- _Problem to work on_: Look through the entries below and show every line containing the word "Equinox".

- _Supplied records_:

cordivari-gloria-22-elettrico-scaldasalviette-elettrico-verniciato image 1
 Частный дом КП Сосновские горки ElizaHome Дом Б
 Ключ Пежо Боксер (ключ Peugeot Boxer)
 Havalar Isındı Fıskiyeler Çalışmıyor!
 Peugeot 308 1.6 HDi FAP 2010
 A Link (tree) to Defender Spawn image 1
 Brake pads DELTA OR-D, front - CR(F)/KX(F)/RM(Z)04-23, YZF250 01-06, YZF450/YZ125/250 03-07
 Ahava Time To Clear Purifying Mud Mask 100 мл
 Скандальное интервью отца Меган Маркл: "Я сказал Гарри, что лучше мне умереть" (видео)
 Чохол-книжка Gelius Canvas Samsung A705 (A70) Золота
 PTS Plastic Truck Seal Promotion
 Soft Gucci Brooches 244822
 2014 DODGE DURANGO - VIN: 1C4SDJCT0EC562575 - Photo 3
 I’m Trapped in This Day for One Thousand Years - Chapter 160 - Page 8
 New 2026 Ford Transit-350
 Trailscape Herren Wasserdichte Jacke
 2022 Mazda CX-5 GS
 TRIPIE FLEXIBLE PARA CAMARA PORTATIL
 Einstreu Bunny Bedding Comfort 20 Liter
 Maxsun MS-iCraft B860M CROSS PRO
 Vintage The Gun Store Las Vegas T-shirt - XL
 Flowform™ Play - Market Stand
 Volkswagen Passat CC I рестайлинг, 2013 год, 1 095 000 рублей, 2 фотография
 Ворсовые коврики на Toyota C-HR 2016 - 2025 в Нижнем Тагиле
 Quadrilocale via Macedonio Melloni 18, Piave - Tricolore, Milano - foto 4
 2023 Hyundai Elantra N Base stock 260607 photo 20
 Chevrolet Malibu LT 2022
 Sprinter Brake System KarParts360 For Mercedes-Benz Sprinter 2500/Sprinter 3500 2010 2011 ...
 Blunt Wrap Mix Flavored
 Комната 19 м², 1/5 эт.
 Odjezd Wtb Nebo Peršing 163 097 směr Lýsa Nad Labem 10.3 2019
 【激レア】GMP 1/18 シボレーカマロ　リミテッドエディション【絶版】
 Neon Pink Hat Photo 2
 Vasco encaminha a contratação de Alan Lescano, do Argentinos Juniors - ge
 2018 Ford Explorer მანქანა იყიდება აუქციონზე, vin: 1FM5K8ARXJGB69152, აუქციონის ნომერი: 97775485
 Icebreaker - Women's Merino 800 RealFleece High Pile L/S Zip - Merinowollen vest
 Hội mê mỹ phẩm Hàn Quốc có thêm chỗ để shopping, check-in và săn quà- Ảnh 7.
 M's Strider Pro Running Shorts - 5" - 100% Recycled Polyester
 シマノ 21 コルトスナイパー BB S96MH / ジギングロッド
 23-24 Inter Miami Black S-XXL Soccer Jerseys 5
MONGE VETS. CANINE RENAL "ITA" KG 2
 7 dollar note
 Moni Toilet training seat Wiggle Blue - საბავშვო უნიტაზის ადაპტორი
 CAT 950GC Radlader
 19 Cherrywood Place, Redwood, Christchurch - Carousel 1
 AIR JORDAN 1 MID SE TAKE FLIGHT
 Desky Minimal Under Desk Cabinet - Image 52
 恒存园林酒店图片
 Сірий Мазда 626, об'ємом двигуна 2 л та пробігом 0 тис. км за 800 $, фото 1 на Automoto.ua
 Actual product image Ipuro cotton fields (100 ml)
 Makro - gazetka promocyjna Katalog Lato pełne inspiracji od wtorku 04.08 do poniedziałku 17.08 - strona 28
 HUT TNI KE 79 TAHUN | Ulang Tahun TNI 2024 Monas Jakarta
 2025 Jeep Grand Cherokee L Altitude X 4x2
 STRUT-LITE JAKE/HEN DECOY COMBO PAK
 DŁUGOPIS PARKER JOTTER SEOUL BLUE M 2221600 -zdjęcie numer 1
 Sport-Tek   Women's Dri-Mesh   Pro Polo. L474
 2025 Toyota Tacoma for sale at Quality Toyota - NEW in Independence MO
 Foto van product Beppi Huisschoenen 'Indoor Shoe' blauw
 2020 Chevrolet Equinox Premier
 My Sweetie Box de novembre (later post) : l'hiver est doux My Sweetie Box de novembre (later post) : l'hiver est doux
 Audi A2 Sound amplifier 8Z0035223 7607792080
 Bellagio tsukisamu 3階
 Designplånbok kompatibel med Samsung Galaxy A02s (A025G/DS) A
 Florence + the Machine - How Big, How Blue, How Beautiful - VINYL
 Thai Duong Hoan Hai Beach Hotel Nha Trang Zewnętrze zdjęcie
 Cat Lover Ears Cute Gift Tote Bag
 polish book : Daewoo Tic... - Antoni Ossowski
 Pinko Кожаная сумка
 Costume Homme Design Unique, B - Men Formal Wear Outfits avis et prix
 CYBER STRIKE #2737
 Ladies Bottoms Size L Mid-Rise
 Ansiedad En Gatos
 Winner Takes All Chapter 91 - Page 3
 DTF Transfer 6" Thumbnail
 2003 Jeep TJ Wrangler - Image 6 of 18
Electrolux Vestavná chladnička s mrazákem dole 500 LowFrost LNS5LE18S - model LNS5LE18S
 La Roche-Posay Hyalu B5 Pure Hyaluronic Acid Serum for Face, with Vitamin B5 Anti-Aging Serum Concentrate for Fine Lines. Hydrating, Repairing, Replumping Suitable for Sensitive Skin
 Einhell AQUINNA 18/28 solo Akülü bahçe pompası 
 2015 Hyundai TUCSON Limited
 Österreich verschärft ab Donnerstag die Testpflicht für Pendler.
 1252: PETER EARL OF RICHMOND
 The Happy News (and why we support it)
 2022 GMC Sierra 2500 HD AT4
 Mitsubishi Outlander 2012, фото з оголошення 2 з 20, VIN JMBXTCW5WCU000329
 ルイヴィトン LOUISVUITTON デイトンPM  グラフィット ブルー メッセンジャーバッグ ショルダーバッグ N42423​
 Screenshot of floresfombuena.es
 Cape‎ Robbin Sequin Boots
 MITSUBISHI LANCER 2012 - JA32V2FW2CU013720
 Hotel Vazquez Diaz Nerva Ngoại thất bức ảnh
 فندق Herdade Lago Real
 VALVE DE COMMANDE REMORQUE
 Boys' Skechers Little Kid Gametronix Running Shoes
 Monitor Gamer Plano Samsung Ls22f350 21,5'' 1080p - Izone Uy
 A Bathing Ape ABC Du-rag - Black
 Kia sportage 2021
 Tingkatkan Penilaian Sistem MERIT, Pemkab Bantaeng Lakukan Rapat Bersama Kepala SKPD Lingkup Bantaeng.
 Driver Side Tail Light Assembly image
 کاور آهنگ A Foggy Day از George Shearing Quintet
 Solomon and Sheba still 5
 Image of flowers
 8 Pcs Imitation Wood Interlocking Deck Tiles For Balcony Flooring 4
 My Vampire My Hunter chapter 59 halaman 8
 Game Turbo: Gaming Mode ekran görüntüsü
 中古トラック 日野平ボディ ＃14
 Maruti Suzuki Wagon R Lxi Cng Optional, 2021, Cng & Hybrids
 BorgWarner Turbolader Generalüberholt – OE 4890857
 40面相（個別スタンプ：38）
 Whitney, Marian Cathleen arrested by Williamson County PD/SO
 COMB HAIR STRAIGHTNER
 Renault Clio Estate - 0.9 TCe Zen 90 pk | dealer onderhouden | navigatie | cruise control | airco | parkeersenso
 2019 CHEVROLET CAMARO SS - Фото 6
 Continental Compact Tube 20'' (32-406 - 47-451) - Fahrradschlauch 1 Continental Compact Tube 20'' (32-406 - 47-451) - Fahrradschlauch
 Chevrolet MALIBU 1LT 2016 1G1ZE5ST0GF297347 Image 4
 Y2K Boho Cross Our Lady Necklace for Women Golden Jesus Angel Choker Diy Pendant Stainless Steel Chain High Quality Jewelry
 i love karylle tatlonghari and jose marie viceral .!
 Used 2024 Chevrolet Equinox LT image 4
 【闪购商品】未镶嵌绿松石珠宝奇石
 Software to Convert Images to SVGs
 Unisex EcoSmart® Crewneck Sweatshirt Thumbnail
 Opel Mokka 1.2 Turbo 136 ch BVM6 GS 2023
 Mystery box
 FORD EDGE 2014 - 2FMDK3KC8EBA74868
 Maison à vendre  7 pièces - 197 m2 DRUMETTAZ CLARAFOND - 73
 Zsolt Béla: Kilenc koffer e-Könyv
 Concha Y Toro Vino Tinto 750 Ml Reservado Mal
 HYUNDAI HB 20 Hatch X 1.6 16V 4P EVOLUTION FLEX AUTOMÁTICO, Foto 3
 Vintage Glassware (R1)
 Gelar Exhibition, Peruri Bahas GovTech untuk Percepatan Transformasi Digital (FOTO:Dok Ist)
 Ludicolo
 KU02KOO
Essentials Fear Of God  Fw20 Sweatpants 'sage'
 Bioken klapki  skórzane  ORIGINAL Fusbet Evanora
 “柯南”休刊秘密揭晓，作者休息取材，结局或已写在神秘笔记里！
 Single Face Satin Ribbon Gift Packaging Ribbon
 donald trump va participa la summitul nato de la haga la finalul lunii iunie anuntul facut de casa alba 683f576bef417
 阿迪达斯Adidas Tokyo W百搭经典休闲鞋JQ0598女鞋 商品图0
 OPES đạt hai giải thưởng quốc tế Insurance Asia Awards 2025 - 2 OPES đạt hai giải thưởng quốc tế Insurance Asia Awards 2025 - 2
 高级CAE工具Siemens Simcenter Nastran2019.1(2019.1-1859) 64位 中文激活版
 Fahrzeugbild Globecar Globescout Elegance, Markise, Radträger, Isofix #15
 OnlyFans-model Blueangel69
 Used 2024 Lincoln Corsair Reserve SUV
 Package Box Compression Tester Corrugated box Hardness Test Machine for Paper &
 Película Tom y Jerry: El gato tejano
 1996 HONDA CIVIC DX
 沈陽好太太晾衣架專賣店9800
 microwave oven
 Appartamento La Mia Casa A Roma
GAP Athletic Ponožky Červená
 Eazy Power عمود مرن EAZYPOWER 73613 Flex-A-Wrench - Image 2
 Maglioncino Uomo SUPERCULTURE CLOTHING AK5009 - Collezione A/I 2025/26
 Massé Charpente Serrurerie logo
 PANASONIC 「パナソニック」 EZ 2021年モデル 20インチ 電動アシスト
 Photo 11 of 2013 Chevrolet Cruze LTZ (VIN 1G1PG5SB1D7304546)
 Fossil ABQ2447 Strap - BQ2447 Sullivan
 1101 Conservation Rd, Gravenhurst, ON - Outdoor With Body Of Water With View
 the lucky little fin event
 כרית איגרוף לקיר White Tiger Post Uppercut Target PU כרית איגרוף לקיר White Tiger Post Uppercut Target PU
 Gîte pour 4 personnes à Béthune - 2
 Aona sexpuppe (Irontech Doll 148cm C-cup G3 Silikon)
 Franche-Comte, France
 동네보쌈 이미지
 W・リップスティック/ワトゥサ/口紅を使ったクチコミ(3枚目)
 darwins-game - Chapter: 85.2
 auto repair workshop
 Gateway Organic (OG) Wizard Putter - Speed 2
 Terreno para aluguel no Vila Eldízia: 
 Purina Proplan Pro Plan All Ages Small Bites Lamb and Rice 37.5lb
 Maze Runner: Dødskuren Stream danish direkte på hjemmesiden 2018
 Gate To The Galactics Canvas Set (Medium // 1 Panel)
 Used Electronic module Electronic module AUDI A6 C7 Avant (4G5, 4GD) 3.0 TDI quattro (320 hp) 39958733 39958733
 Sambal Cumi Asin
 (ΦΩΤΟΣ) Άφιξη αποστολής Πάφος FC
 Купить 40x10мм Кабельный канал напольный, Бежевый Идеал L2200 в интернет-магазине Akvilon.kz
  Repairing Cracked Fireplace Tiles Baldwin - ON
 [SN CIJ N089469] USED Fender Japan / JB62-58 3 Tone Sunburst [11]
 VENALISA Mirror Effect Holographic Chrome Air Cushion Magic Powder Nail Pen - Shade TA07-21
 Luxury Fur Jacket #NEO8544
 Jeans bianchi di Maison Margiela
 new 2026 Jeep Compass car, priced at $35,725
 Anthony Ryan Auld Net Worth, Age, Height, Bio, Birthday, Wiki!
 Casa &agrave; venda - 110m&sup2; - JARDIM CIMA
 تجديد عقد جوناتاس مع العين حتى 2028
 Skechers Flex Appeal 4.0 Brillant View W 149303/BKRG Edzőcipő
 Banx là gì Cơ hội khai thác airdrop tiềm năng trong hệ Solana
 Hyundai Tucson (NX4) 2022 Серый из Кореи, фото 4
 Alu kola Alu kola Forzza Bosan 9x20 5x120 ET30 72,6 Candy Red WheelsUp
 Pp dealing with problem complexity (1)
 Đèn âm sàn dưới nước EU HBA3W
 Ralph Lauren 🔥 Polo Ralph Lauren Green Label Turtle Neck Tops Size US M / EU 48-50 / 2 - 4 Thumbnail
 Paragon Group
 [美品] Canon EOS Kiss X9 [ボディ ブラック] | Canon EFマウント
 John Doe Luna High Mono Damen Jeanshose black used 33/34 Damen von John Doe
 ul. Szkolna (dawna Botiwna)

- _Completed exercise_:
 2020 Chevrolet Equinox Premier
 Used 2024 Chevrolet Equinox LT image 4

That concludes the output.